▶ [Your objective]
To answer, print the line containing "Lot #9 Poplar Creek" and each line after it in the listing below, exactly as they stand.

▶ [Data extract]

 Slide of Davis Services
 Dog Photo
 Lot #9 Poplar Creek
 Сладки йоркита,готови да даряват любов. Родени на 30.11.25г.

▶ [Solution to the problem]
 Lot #9 Poplar Creek
 Сладки йоркита,готови да даряват любов. Родени на 30.11.25г.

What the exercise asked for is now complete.